Task:
Copy task for the material below: print the line with "Đèn pin đội" and every line after it to the end, exactly as written, without the pictures.
Source material Start Marker
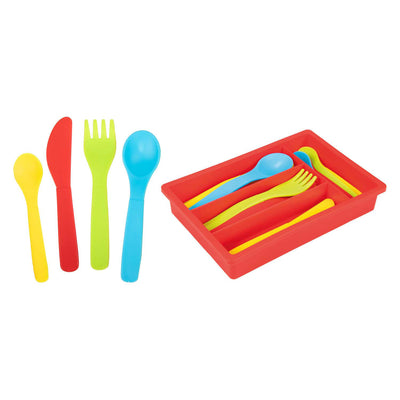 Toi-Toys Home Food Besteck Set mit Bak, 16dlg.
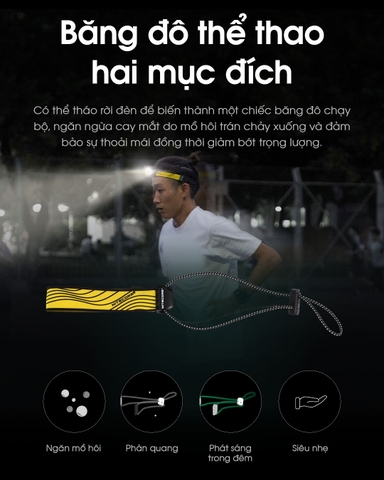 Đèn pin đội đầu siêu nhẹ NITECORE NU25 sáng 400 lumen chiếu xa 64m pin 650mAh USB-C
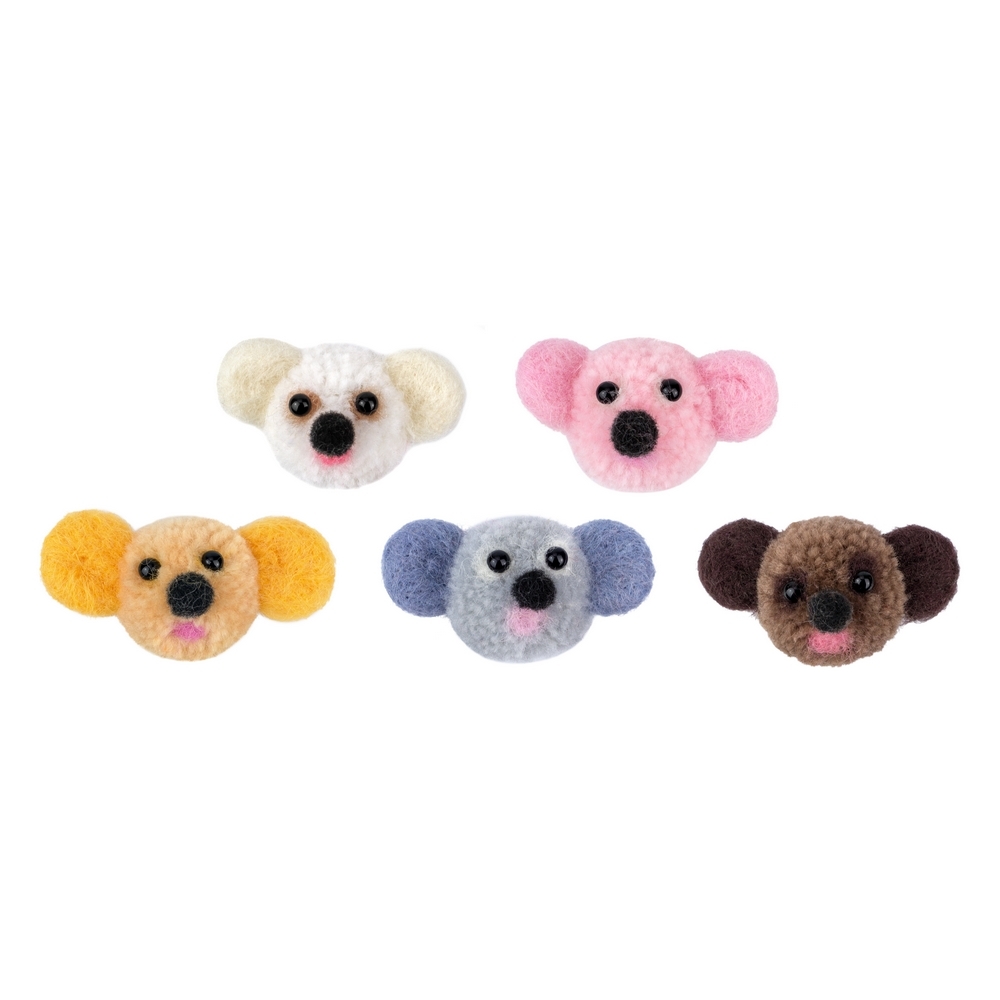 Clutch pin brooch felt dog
Source material End Marker
Result of the task:
 Đèn pin đội đầu siêu nhẹ NITECORE NU25 sáng 400 lumen chiếu xa 64m pin 650mAh USB-C
 Clutch pin brooch felt dog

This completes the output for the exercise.